In the most classic and prevalent scam, a moving company will give a low estimate to pack someone up only to substantially hike the quoted price once the items are loaded on their trucks. If the consumer doesn’t pay the new price, the belongings are held hostage until the higher moving charges are paid.
Last year about 15 percent of consumer complaints filed against movers involved hostage goods. In one case, a Massachusetts woman said a mover loaded her goods on a truck and demanded $16,000 afterward. That was more than four times the company’s estimate of $3,600.

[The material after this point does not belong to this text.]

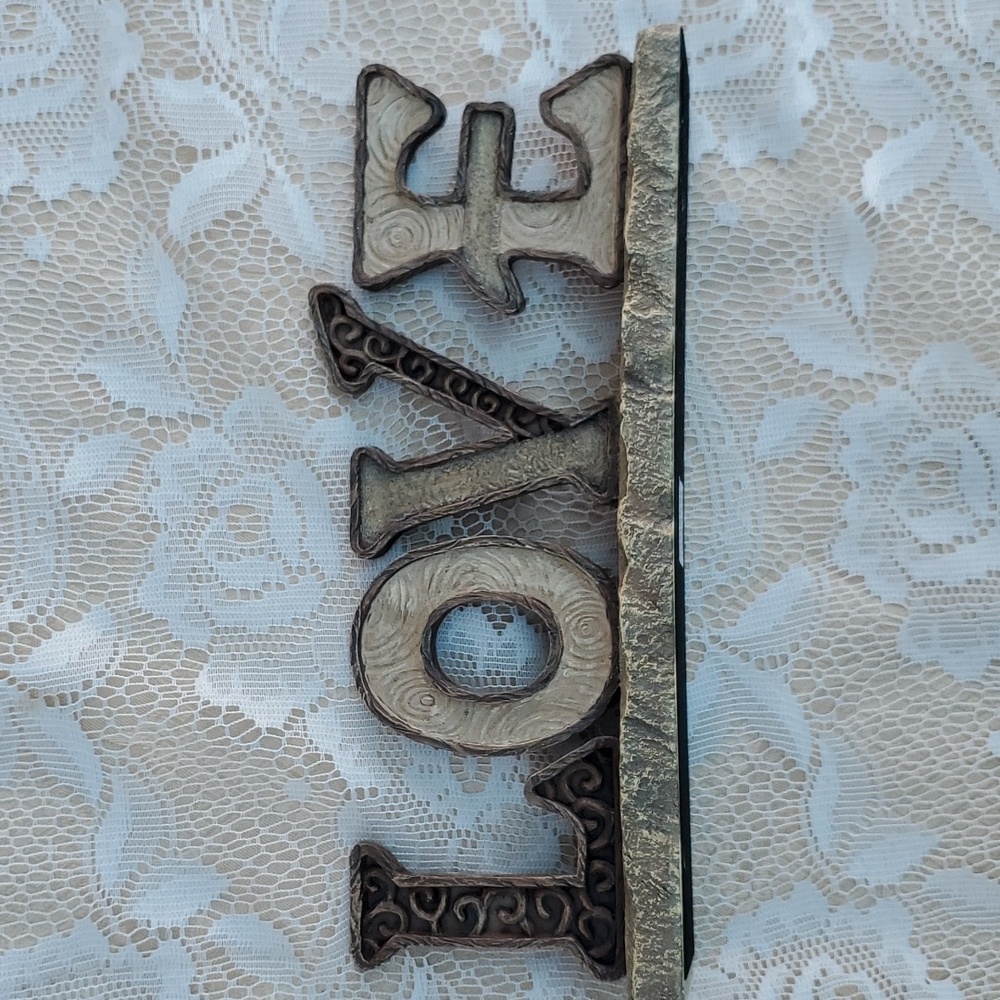LOVE Plaque looks/feels like stone Dicksons brand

By federal law, interstate moving companies are required to release your belongings to you when you pay 100 percent of the charges in a binding estimate or 110 percent of a nonbinding estimate where additional weight or services have caused the final price to increase, according to Tim Walker, who started www.movingscam.com after he was scammed by a moving company.
But rogue companies “aren’t afraid to drive away with everything you own unless you pay them whatever they decide they want to charge you for your move,” Walker said.
Walker, whose Web site is a must-see before you hire a moving company, says his biggest tip for consumers is to be wary of hiring companies you find on the Internet.
The American Moving and Storage Association also has issued warnings about shopping for a mover online. Certainly use the Internet for research.
For example, go to www.moving.org, the site run by the industry association. It has advice on how to choose a mover and avoid the scams.
Sparkman said you should be skeptical of Web sites that look good but could be run by dishonest brokers who don’t actually own a moving company. They collect a deposit and then refer consumers to rogue moving companies, he said.
Legitimate referral companies will generally not ask you to pay an upfront deposit, Sparkman said. If you are asked for a significant deposit, you should look for another company.
Walker says that when choosing a company, look locally. Get recommendations from friends and neighbors who have recently moved. Check with local real estate agents, who often keep lists of moving companies.
Be sure to get a written estimate from at least three movers, NEFE recommends. There are binding estimates, in which your final bill cannot go higher than what you’re quoted, and nonbinding estimates. A nonbinding estimate is not a contract but instead an approximation of the cost of the move, with the final costs based on the actual weight of your shipment and other services provided.
And for goodness sake, don’t get an estimate over the phone. Get a company representative to come to your home to view your belongings.
When the representative arrives, NEFE says you should discuss what services will be provided, the mover’s responsibility for any damages or losses that may occur during the move, and how the business will work with you to settle a dispute.
For interstate moves, the company should provide you with the booklet “Your Rights and Responsibilities When You Move” produced by FMCSA. You can download a copy of it at www.protectyourmove.gov, which was created by FMCSA. This Web site is another must before you hire a mover. You’ll find details of the regulations that govern interstate movers, a list of registered and insured movers and information on how to file a complaint with the agency. You can also find contact information for issues if you’re moving within the same state. Such moves are not covered by federal regulations.
If you’re one of the millions planning to pack up and relocate soon, especially from one state to another, please use caution in selecting a mover or you might end up curbside with your belongings being held hostage.